Effect of ATV on HSP22, eNOS and p38 MAPK in HUVECs. The expression of HSP22 in HUVECs with an HFD and/or ATV treatment was measured by (A) reverse transcription-quantitative polymerase chain reaction and (B) western blot assay, respectively. (C and D) The expression levels of p-eNOS and p-p38 MAPK were examined by western blot assay in HUVECs with an HFD and/or ATV treatment. ^**P<0.01 compared with the control group; ^#P<0.05 and ^##P<0.01 compared with the ox-LDL group; ^△△P<0.01 compared with the ATV group. ox-LDL, oxidized low-density lipoprotein; ATV, atorvastatin; HUVECs, human umbilical vein endothelial cells; HSP22, heat shock protein 22; eNOS, endothelial nitric oxide synthase; MAPK, mitogen-activated kinase; HFD, high-fat diet; p-, phosphorylated; t-, total.

Figure 5

HSP22-knockdown inhibits ox-LDL-induced p-eNOS decrease and p-p38 increase in HUVECs. (A) The transfection efficiency of HSP22 shRNAs in HUVECs was measured by western blot assay. (B) The expression of HSP22 in HUVECs with an HFD and/or ATV treatment was measured by western blot assay. (C and D) The expression of p-eNOS and p-p38 in HUVECs with an HFD and/or ATV treatment in the absence or presence of HSP22 shRNA was measured by western blot assay. ^*P<0.05 and ^**P<0.01 compared with the corresponding NC group. ox-LDL, oxidized low-density lipoprotein; ATV, atorvastatin; HUVECs, human umbilical vein endothelial cells; HSP22, heat shock protein 22; eNOS, endothelial nitric oxide synthase; MAPK, mitogen-activated kinase; HFD, high-fat diet; p-, phosphorylated; t-, total; NC, negative control; shRNA, short hairpin RNA.

Figure 6

HSP22-knockdown reduces ox-LDL-induced cell proliferation inhibition and cell cycle arrest in HUVECs.

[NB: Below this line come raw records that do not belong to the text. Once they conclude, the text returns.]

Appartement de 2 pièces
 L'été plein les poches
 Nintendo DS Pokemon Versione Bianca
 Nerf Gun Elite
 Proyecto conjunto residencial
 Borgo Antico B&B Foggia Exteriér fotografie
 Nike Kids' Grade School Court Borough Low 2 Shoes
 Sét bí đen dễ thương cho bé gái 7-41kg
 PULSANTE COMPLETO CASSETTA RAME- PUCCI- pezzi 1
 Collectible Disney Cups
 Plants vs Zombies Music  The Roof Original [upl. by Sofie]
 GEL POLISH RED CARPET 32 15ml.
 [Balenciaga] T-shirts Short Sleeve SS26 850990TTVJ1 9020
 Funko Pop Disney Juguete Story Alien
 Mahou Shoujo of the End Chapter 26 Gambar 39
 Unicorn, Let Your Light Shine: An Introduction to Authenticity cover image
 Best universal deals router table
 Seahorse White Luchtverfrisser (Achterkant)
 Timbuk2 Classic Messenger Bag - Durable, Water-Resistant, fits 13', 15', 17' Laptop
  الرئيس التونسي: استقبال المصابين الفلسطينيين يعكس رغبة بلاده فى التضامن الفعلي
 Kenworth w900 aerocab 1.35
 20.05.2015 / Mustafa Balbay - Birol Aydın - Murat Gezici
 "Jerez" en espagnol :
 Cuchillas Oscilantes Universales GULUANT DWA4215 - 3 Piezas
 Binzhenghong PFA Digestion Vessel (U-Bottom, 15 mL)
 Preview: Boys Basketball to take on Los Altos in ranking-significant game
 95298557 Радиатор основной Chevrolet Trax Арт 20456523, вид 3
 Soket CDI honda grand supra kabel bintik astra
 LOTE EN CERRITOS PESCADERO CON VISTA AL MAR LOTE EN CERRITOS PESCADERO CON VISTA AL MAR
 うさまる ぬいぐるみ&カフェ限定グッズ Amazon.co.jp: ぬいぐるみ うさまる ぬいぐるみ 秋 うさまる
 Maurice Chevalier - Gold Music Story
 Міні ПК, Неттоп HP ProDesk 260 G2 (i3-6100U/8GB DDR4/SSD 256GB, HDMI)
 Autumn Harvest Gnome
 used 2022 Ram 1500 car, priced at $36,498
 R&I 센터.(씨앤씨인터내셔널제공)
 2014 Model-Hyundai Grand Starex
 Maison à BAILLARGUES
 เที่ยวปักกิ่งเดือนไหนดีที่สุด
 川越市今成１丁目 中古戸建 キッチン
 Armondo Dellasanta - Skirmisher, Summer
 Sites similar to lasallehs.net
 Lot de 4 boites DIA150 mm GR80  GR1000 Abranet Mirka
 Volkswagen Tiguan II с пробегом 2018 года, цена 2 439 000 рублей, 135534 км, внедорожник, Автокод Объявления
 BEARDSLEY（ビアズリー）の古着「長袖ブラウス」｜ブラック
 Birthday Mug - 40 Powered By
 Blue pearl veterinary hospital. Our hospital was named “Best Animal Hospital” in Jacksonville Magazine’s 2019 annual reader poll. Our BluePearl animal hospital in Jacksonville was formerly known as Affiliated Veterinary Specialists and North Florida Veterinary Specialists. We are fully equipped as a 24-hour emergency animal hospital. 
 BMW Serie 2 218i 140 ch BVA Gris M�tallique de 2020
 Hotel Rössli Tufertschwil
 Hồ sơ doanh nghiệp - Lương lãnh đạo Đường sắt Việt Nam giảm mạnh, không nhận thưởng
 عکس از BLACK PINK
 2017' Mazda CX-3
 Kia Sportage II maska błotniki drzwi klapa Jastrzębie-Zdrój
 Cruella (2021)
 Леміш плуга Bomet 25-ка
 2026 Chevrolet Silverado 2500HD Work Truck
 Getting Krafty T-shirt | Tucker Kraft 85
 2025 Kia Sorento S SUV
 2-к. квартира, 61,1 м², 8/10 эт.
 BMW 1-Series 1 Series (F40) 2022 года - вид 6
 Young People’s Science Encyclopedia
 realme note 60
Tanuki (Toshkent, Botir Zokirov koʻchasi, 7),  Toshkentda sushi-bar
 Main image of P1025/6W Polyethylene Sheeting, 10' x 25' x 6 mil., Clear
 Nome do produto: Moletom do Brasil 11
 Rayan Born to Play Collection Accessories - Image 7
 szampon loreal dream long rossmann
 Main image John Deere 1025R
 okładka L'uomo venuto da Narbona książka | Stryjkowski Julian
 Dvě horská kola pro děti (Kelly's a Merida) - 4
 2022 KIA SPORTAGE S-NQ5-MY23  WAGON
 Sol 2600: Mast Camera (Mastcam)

Cell proliferation was measured by MTT assay in HUVECs with an HFD and/or ATV treatment in the absence or presence of HSP22 shRNA for (A) 24 h, (B) 48 h and (C) 72 h. (D and E) The cell cycle was measured by flow cytometry assay in HUVECs with an HFD and/or ATV treatment in the absence or presence of HSP22 shRNA. ^*P<0.05 and ^**P<0.01 compared with the corresponding NC group. ox-LDL, oxidized low-density lipoprotein; ATV, atorvastatin; HUVECs, human umbilical vein endothelial cells; HSP22, heat shock protein 22; eNOS, endothelial nitric oxide synthase; MAPK, mitogen-activated kinase; HFD, high-fat diet; p-, phosphorylated; t-, total; NC, negative control; shRNA, short hairpin RNA; OD, optical density.